Lawmakers study threat from milfoil

SANDPOINT – Idaho lawmakers have been asked to use part of an unexpectedly large budget surplus to attack an aquatic weed that’s fouling the state’s waters.

Also a plague in Washington waters like the Pend Oreille River, exotic Eurasian milfoil forms dense, floating mats that are thick enough in some cases to be walked across on snowshoes, Matt Voile, noxious weed program manager with Idaho’s Department of Agriculture, told members of the Legislature’s Joint Finance-Appropriations Committee. The group began three days of meetings here Monday.

In other states, swimmers have become entangled in the weeds and drowned. Serious injuries can also occur when motorboats or water skiers hit the dense weeds.

A fragment of the weed not much longer than an eyelash can become implanted in lake bottoms – after hitching a ride on a boat propeller or even a water ski blade – and quickly grow to 30 feet. So the weed spreads easily from one lake to another.

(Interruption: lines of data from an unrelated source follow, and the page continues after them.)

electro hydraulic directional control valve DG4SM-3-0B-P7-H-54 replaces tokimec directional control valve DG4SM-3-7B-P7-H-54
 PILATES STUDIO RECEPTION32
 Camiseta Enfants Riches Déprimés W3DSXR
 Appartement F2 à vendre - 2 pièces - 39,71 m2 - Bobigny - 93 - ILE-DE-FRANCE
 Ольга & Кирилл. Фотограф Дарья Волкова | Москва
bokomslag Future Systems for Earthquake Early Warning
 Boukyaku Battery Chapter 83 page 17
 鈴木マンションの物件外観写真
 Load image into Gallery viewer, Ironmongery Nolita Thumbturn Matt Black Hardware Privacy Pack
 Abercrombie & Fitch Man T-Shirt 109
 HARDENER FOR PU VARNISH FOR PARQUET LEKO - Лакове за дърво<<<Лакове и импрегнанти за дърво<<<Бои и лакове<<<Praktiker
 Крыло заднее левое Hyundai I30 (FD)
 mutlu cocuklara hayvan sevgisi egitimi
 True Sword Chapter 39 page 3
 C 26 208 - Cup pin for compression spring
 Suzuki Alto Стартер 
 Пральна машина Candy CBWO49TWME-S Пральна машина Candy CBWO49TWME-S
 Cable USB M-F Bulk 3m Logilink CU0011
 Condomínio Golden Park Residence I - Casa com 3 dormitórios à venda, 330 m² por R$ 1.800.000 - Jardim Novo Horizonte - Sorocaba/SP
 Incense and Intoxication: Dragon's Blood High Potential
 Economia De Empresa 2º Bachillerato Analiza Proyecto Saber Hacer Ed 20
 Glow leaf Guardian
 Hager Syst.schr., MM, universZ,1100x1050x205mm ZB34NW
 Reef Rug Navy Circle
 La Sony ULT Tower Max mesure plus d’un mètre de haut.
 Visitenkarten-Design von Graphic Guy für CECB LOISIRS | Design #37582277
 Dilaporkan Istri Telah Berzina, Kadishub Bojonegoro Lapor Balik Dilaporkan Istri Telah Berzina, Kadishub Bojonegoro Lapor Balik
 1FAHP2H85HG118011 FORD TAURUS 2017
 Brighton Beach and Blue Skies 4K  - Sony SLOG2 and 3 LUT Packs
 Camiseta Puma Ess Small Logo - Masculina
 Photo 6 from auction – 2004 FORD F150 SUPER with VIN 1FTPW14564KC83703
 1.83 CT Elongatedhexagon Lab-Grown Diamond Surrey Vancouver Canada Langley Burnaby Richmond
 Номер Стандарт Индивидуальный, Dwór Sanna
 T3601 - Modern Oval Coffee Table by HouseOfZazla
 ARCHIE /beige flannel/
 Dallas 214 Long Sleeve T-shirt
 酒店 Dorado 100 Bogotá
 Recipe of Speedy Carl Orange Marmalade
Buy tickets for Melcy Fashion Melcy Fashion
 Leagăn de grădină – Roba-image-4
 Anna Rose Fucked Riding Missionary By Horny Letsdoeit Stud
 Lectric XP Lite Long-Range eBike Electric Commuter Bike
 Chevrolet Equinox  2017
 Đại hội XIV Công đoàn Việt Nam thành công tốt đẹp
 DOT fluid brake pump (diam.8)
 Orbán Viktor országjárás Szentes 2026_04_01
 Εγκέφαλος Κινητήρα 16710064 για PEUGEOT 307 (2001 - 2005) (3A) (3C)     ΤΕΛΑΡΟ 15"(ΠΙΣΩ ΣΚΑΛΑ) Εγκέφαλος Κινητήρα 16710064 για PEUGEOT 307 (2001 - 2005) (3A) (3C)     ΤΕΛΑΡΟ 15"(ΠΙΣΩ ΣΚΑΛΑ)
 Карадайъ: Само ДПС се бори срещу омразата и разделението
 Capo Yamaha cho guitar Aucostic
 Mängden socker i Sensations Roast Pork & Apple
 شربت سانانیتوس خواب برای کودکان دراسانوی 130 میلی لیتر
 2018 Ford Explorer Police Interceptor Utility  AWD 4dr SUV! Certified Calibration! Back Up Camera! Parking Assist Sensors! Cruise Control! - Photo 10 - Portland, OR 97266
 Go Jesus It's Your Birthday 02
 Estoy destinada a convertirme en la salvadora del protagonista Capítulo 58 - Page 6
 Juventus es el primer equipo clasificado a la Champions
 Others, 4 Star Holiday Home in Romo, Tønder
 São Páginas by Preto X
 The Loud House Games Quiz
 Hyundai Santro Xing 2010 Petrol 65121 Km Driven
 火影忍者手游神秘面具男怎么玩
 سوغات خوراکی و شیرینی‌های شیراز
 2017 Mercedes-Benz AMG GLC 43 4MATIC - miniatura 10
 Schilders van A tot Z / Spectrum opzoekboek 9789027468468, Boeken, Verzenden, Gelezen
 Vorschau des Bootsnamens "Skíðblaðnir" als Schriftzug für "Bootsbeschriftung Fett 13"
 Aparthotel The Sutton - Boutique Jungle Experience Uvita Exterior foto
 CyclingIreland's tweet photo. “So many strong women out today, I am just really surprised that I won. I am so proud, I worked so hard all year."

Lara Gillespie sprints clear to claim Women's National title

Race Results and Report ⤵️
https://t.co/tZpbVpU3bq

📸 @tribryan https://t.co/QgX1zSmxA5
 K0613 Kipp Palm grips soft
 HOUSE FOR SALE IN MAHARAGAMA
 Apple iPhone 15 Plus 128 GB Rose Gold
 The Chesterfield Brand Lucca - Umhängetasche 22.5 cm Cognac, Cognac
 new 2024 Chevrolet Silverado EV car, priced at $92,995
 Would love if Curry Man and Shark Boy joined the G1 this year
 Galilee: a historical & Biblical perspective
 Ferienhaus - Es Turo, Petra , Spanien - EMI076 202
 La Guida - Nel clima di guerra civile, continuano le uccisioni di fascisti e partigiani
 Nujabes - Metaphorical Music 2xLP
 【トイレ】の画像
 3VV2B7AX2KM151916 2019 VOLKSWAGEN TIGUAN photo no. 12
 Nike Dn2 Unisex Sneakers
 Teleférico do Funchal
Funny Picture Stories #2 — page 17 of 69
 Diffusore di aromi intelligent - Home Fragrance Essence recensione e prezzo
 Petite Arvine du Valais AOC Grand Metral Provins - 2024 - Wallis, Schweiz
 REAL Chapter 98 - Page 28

The weed cannot grow in water too deep for sunlight to reach the bottom, but because North Idaho’s lakes are so clear, “we have the potential for tremendous impact with this plant,” Voile said.

It already infests 2,500 acres in Lake Pend Oreille, many of Hayden Lake’s bays and the southern end of Lake Coeur d’Alene.

Ridding lakes of the weed has proven impossible in Washington and other states, and controlling it is expensive and time-consuming. In some places, divers use vacuum devices capable of suctioning even the tiniest bits of the weed. Floating combines have been used. Lake bottoms have even been covered with black plastic weed prevention mats, Voile said. It all comes at a cost of at least $1,000 per acre.

Currently, Idaho devotes about $130,000 to combat milfoil – about 8 percent of the total $1.6 million weed-fighting budget. There are 35 other noxious weeds that threaten the state’s forests and rangelands, Voile said. The Department of Agriculture wants a $100,000 increase for the 2007 fiscal year. Additional help might come from extra federal grants.

That money would come from a state budget that is expected to have a $214 million budget surplus – more than twice what officials had predicted, thanks to the hyper real estate market, said Legislative Budget Director Jeff Youtz.

“We knew it would be good. We were still a little surprised at how good it ended up,” Youtz told lawmakers at the meeting.

Although the near future looks golden, lawmakers were warned by Youtz that spending demands for prisons and Medicaid could rapidly siphon away the extra money. Within 15 years, spending on Medicaid alone will surpass the total devoted to public schools in Idaho, Youtz said.

So while lawmakers now dealing with a surplus and requests for more spending will face tougher issues several years from now, predicted the committee’s chairman, Sen. Dean Cameron, R-Rupert.

“That is going to be a real sobering experience,” he said.